HDP uses yum or zypper to install software, and this software is obtained from the HDP Repositories. If your firewall prevents Internet access, you must mirror or proxy the HDP Repositories in your Data Center.
Mirroring a repository involves copying the entire repository and all its contents onto a local server and enabling an HTTPD service on that server to serve the repository locally. Once the local mirror server setup is complete, the *.repo configuration files on every cluster node must be updated, so that the given package names are associated with the local mirror server instead of the remote repository server.
There are two options for creating a local mirror server. Each of these options is explained in detail in a later section.
Mirror server has no access to Internet at all: Use a web browser on your workstation to download the HDP Repository Tarball, move the tarball to the selected mirror server using scp or an USB drive, and extract it to create the repository on the local mirror server.
Mirror server has temporary access to Internet: Temporarily configure a server to have Internet access, download a copy of the HDP Repository to this server using the reposync command, then reconfigure the server so that it is back behind the firewall.
Note Option I is probably the least effort, and in some respects, is the most secure deployment option.
Option III is best if you want to be able to update your Hadoop installation periodically from the Hortonworks Repositories.
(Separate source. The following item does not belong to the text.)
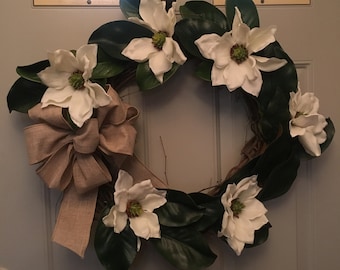 Magnolia Wreath, Summer Wreath, Front Door Wreath Fall Wreath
Trusted proxy server: Proxying a repository involves setting up a standard HTTP proxy on a local server to forward repository access requests to the remote repository server and route responses back to the original requestor. Effectively, the proxy server makes the repository server accessible to all clients, by acting as an intermediary.
Once the proxy is configured, change the /etc/yum.conf file on every cluster node, so that when the client attempts to access the repository during installation, the request goes through the local proxy server instead of going directly to the remote repository server.